Levity, spontaneity, originality—these are things that Another Earth is unconcerned with. It's so desperate to prove itself as something deep, something real, something important that it ends up as something diametrically opposite. This is a common tendency among first time directors (Another Earth is Cahill's first feature film), but at least sometimes we can acknowledge and understand this tendency (the attempt to make a mark in a film industry that's dauntingly hard to break in to) and recognize the natural skills, technical or otherwise, of the woman or man behind the camera. Not so in this case: judging from Another Earth, Cahill has no promising tricks or ideas or sentiments in his arsenal.
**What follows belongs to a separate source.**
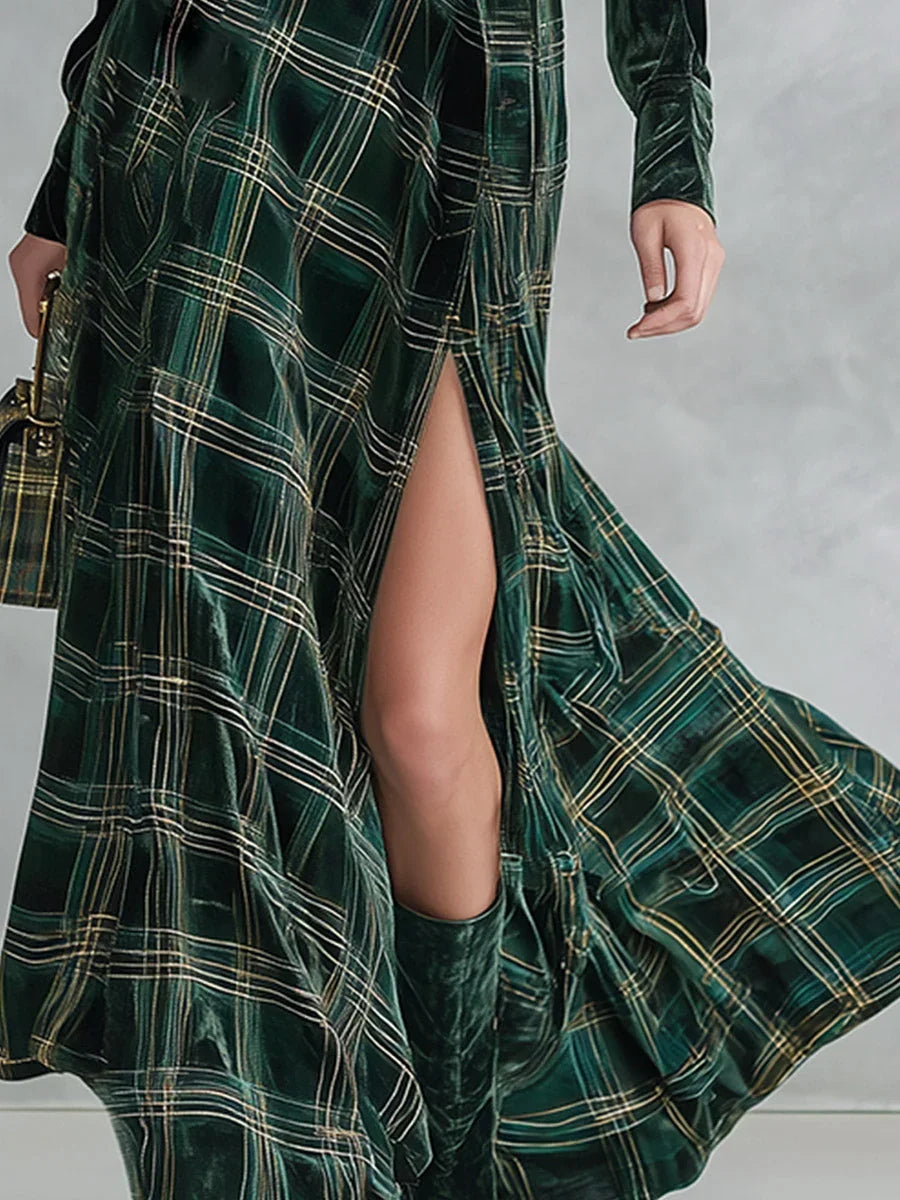 Margot | Plaid Maxi Dress Set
Am I being too hard on him, and on Another Earth? The movie is bad, but after all, it's just a typical American indie drama, one of many trite, lifeless, self-involved, precious cinematic dirges that find success at Sundance or Tribeca—no better or worse than most. The answer is yes, I am being too hard on the movie and on Cahill—because my frustration should be directed towards American independent cinema in general, not primarily at the filmmakers but, just as importantly, at the distributors and film programmers and industry "pundits" and scenesters and marketers who take this as something valuable, who give it a standing ovation, who put this forward as something we should celebrate as emblematic of American independent moviemaking. Give Cahill and Another Earth's crew credit for one thing: they've made an industry believe they're seeing something new and enlightening. This means the shame should be placed on the movers and shakers (the ones who decide which movies are picked up for distribution—which movies American audiences will see) who have bought into Another Earth's dog-and-pony show. They see grainy handheld cinematography, vacant and morose stares from attractive newcomers, and stories revolving around a distinctly non-humanistic pain and suffering and, desperate to pitch ticket-buyers that new underdog success story, see something worth selling. At least Hollywood knows what it's selling: brand merchandise that may not give consumers nutrition but, a lot of the time, gives them entertainment. Indie distributors like Fox Searchlight (which, needless to say, operates at the behest of 20th Century Fox—about as far from independent as you can get) pitch us gourmet organic food and then regurgitate slop onto movie screens.